AVANÇOS DO SISTEMA FOTOVOLTAICO NO BRASIL

Figura 1: Sistema fotovoltaico integrado ao telhado

Até poucos anos atrás, a estrutura do sistema energético brasileiro era centralizada, ou seja, os consumidores dependiam, quase que exclusivamente, das companhias de geração de energia hidrelétrica, resultando em um estrangulamento de oferta devido a grande demanda. Diante disso, houve um esforço dos órgãos governamentais para regulamentar a geração distribuída de energia elétrica, e assim, abrir as portas para a diversificação e descentralização do setor.

Esse esforço resultou na criação da “Resolução Normativa 482/2012”, pela Agência Nacional de Energia Elétrica (Aneel), em abril de 2012, que aprova o uso de sistemas de geração de energia elétrica conectados às redes de distribuição. O novo marco regulatório permite que os pequenos produtores de energia ganhem créditos em suas contas de luz quando a produção excede o consumo, o que torna vantajoso devido ao fato dos preços da eletricidade no Brasil estarem entre os mais altos do mundo.
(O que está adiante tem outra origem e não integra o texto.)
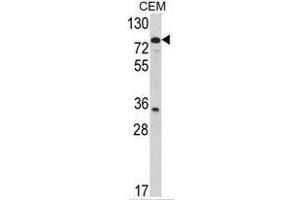 Western blot analysis of TGM4 Antibody (Center) in CEM cell line lysates (35ug/lane).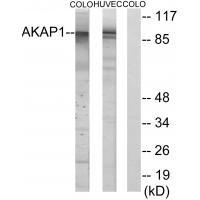 Rabbit Polyclonal Antibody to AKAP1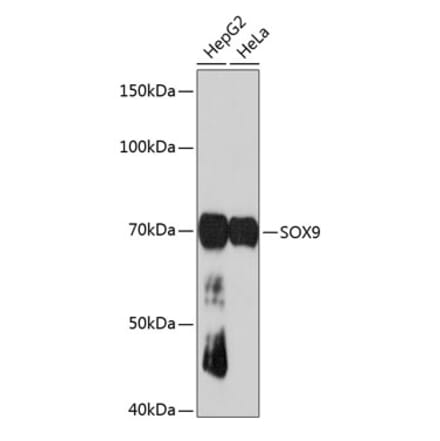 Western Blot - Anti-SOX9 Antibody [ARC0190] (A306215) - Antibodies.com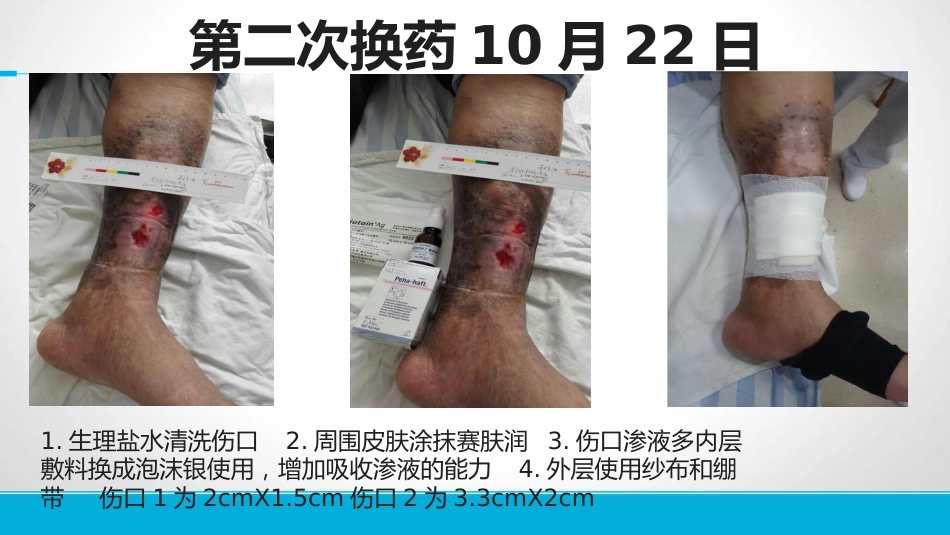 下肢静脉溃患者的护理_第11页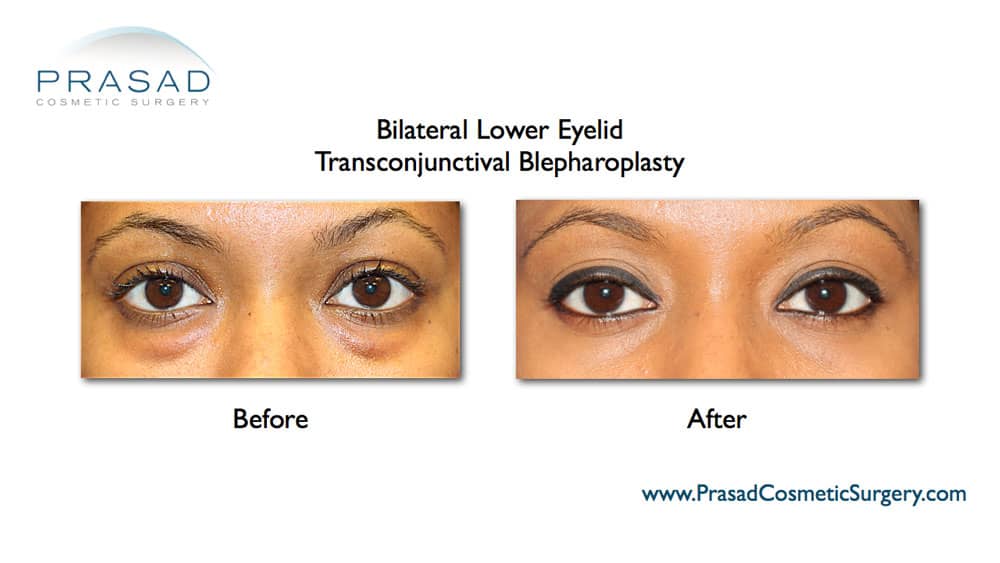 Lower blepharoplasty before and after young woman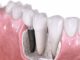 Comment trouver des implants dentaires à bas prix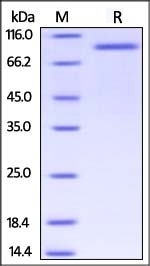 Her2 Recombinant Protein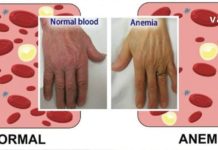 ანემიის სიმპტომები და მისი მკურნალობის ეფექტური გზები. ეს მნიშვნელოვანია!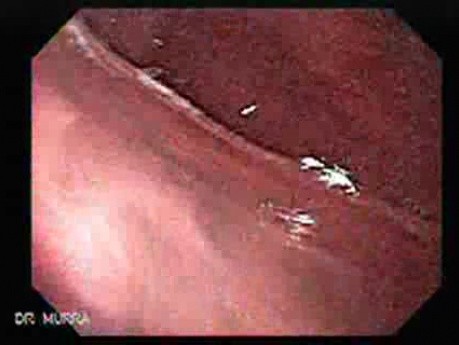 Early Gastric Cancer of the Gastroesophageal Junction - 83-Years Old Male
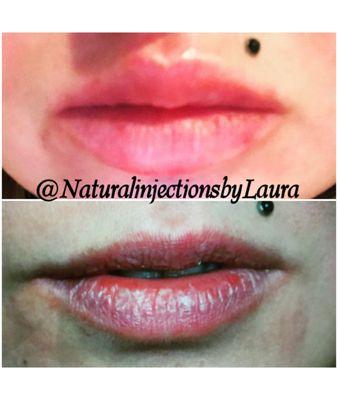 Lip filler! Before Bottom, After Top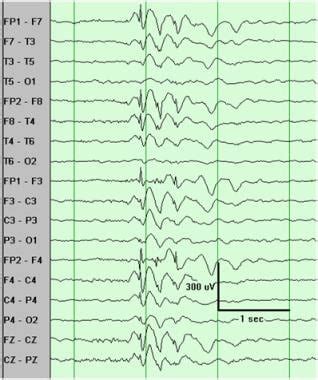 Generalized Seizure Eeg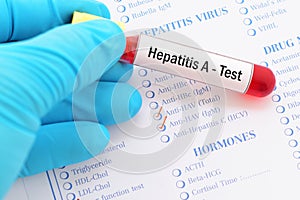 Hepatitis A test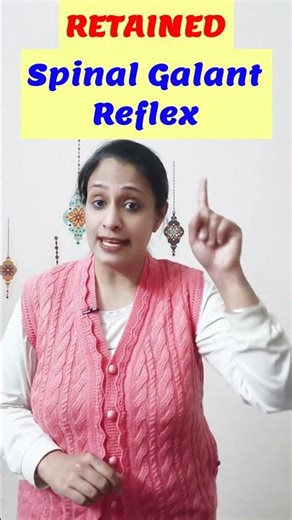 3 Signs RETAINED Spinal Galant reflex!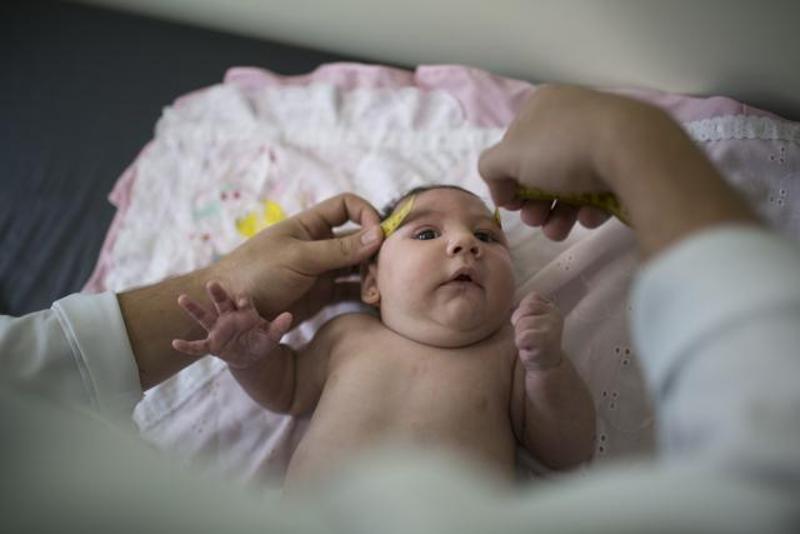 brazil-zika-birth-defects_b887e1f6-b446-11e5-9860-1d91036943d1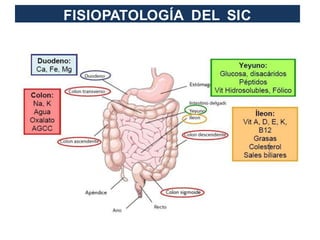 FISIOPATOLOGÍA DEL SIC
 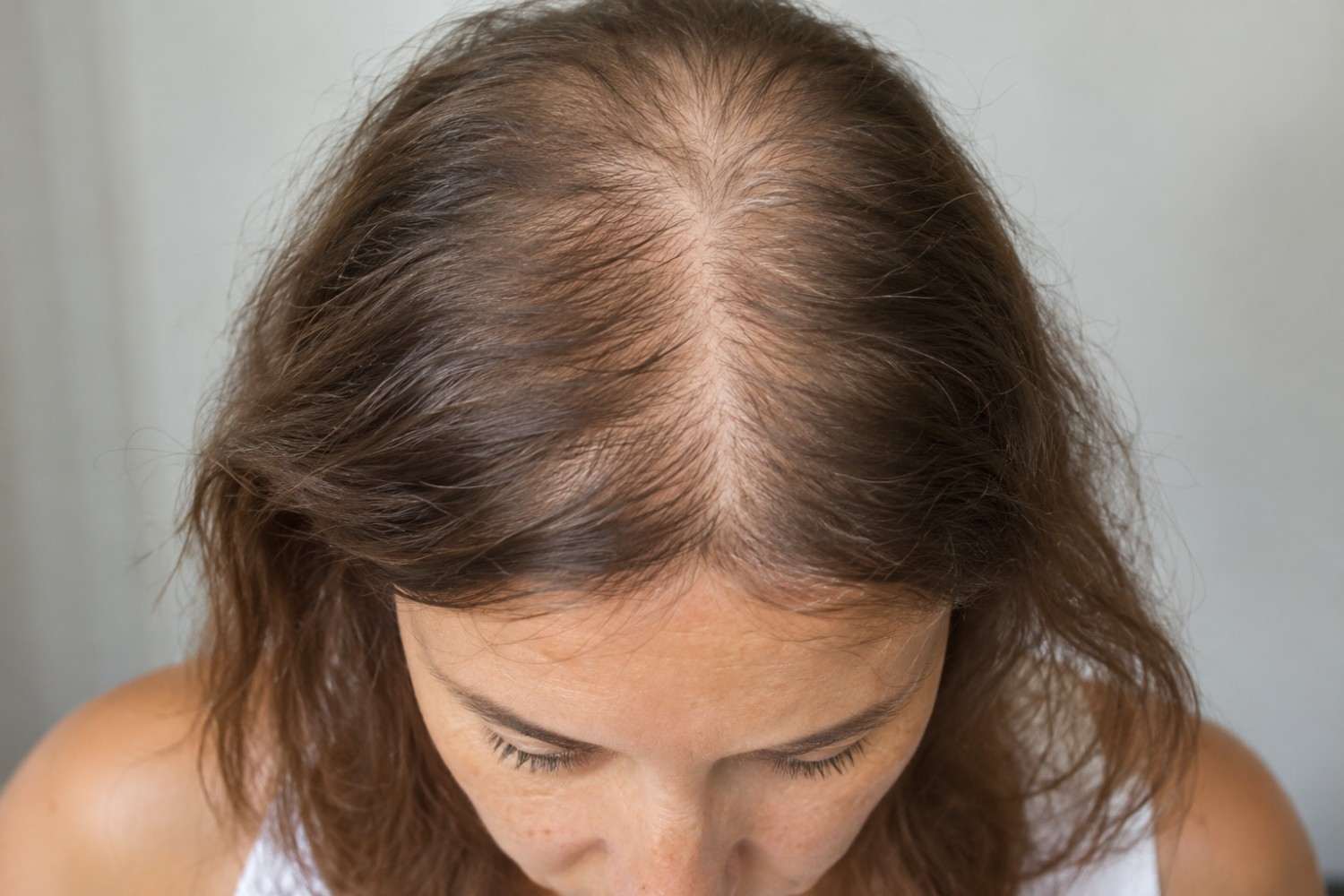 shedding and female pattern hair loss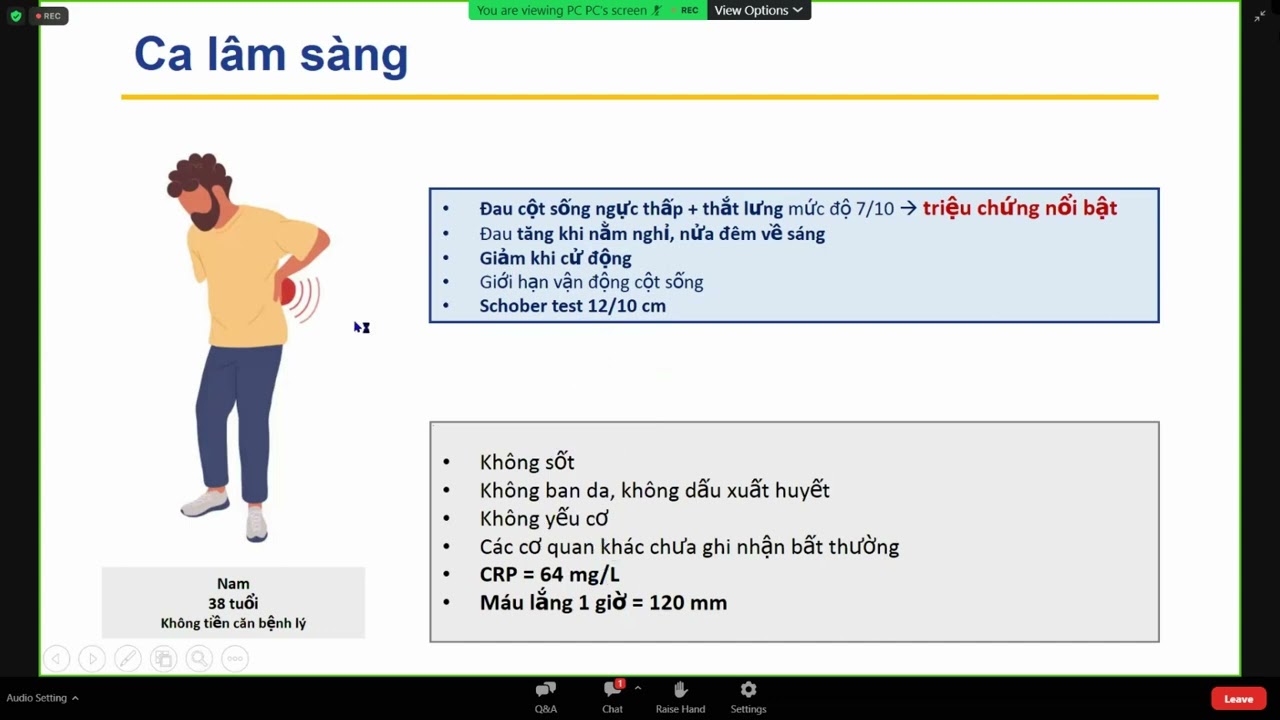 Cập nhật chẩn đoán và điều trị viêm cột sống dính khớp | TS. BS. Cao Thanh Ngọc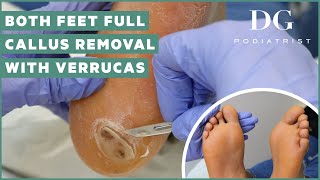 Callus removal from feet both feet and three verruca plantar warts treatment [upl. by Earb404]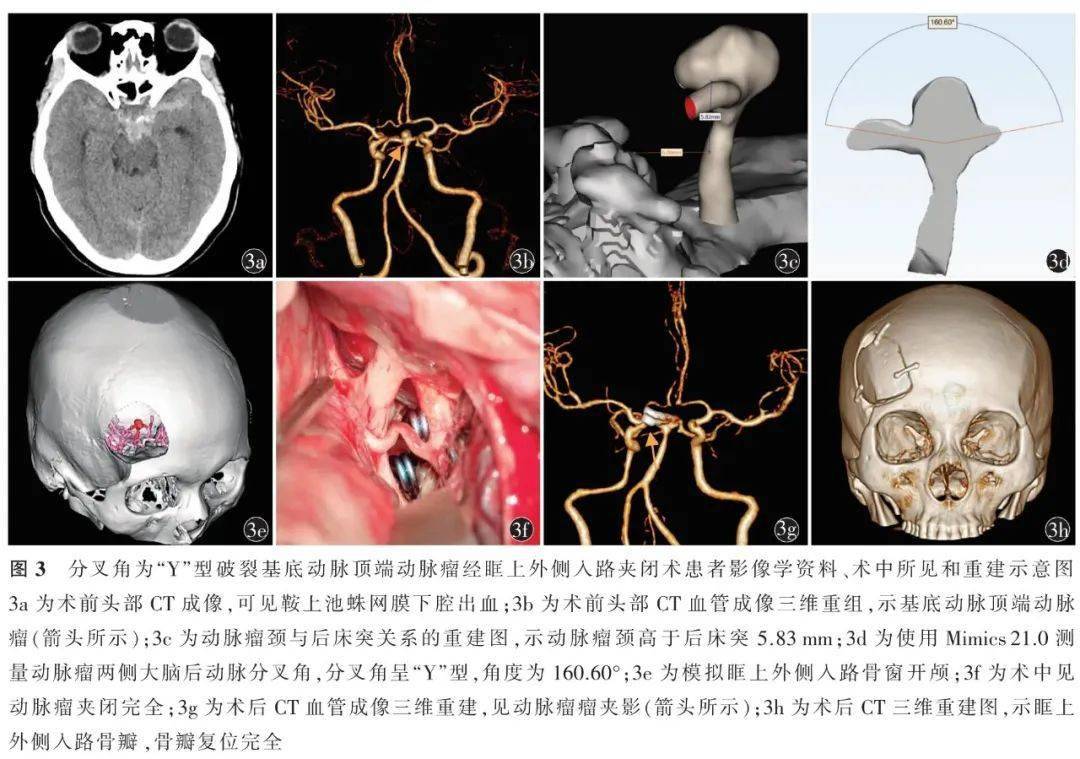 张鸿祺|中国脑血管病 | 眶上外侧入路夹闭后循环动脉瘤七例并文献复习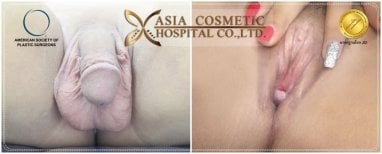 Before and after male to female (MTF) surgery results at Asia Cosmetic Hospital, gender confirmation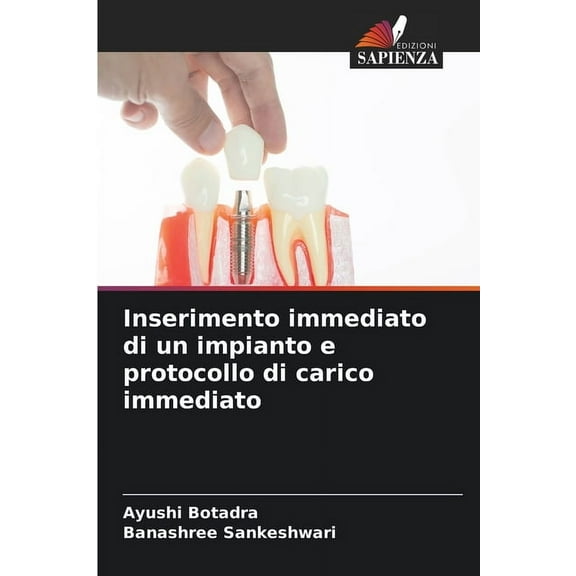 Inserimento immediato di un impianto e protocollo di carico immediato, (Paperback)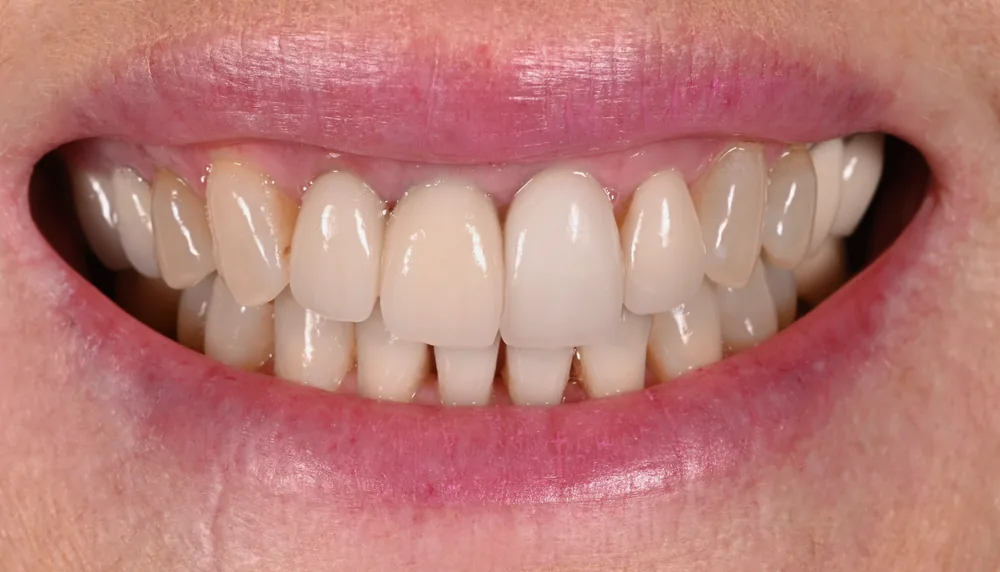 Before smile transformation, case 22 — Tillinger Dental, Miami Beach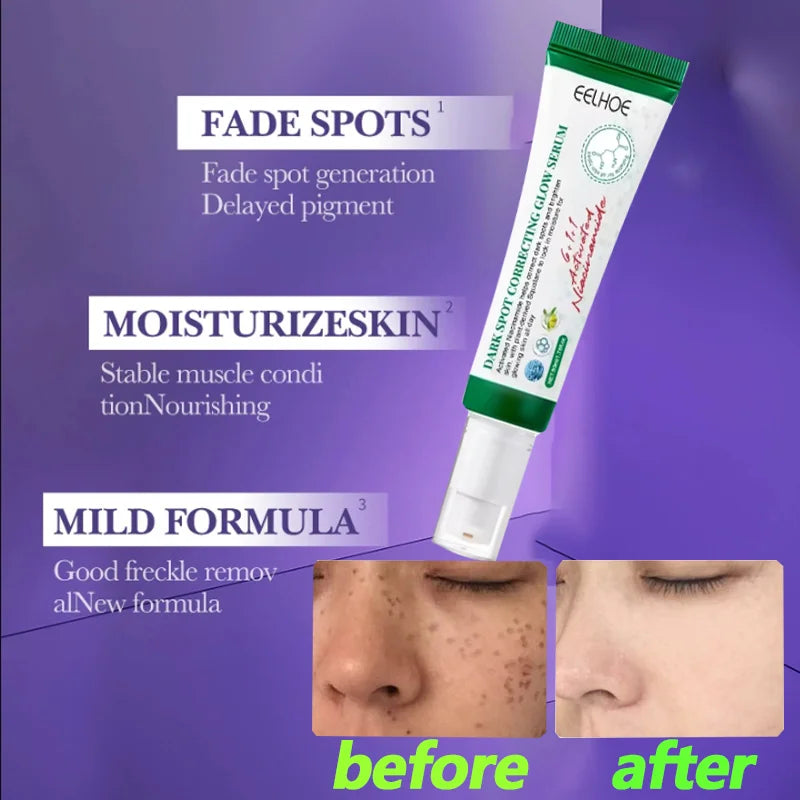 Dark Spot Correcting Cream – Freckle & Pigment Remover, 50ml
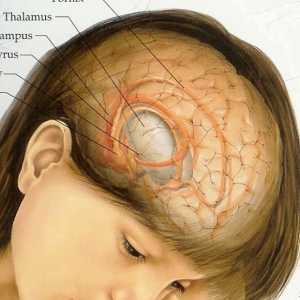 Brain tumorii: simptome într-un stadiu incipient. Primele semne ale unei tumori cerebrale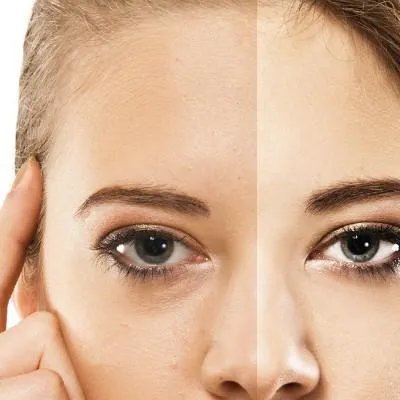 祛除痘印最好的产品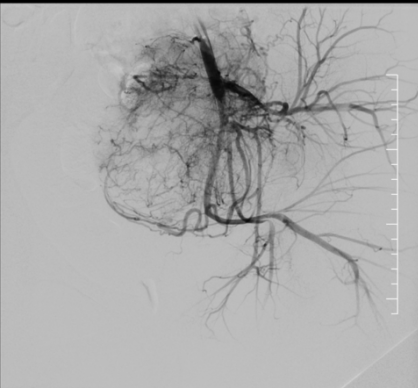Post-embolization DSA angiogram showing marked reduction in tumor vascularity after TACE procedure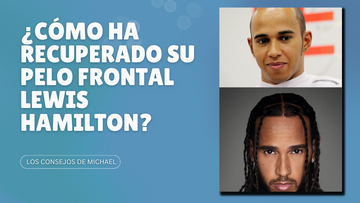 Cómo ha recuperado Lewis Hamilton su pelo frontal
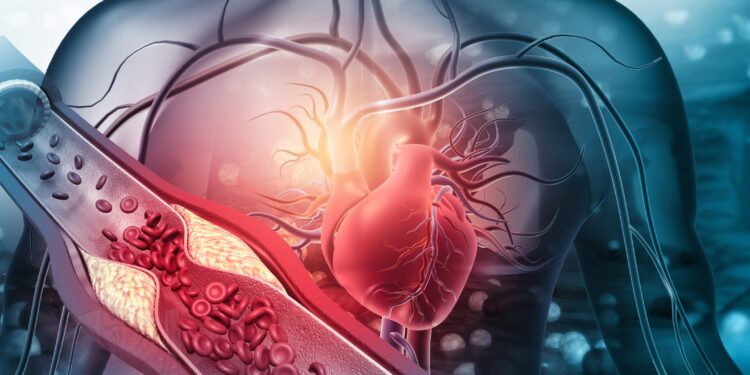 Două studii noi arată beneficiile dietei Portfolio asupra bolilor cardiovasculare (CVD)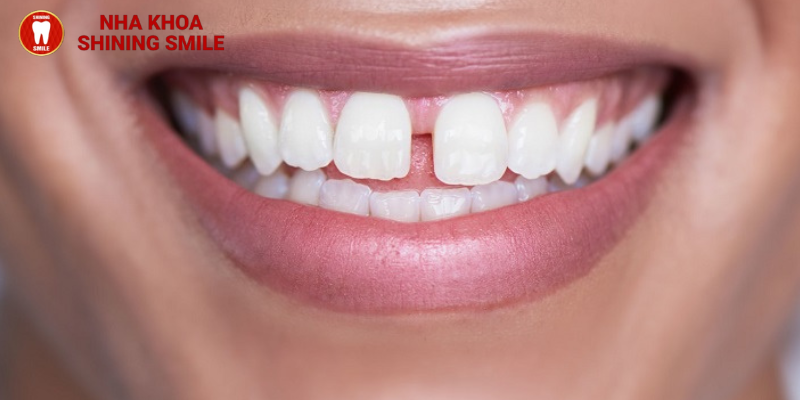 Có thể chỉ niềng 2 răng cửa được không?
Este regulamento é especialmente promissor para tecnologias fotovoltaicas, que geram energia elétrica através da luminosidade do Sol, visto que os pequenos sistemas podem ser instalados nos telhados das residências e comércios e facilmente conectados à rede. Além disso, a combinação de um ambiente regulatório a longo prazo e uma elevada radiação solar no território nacional, preparam o caminho para o avanço da produção de eletricidade fotovoltaica.

Em uma audiência pública realizada pela ANEEL em novembro de 2015, foi aprovada a Resolução Normativa nº 687/2015, que altera a Resolução Normativa nº 482/2012. Em suma, a ANEEL tornou mais fácil para pessoas e empresas gerar energia própria a partir de fontes renováveis. Veja quais foram as principais mudanças:

• Passa a ser considerado como minigeração a geração de até 75 kW de potência instalada. E para minigeração, até 5 MW;

• Os créditos gerados poderão ser compensados em um prazo de até 60 meses;

• Redução do prazo de processamento de pedidos de acesso pelas empresas de distribuição de eletricidade;

• Padronização de formulários de inscrição de acesso para todo o território nacional;

• O consumidor que possui outras instalações em seu CPF, poderá utilizar os créditos excedentes para compensar nessas unidades, modalidade denominada como “autoconsumo remoto”;

• Passa a ser possível a geração compartilhada, cujo objetivo é permitir que partes interessadas se unam em um consórcio ou cooperativa, e instalem um sistema de micro ou minigeração distribuída, visando a produção própria de energia, e compensada em forma de cotas entre as partes associadas.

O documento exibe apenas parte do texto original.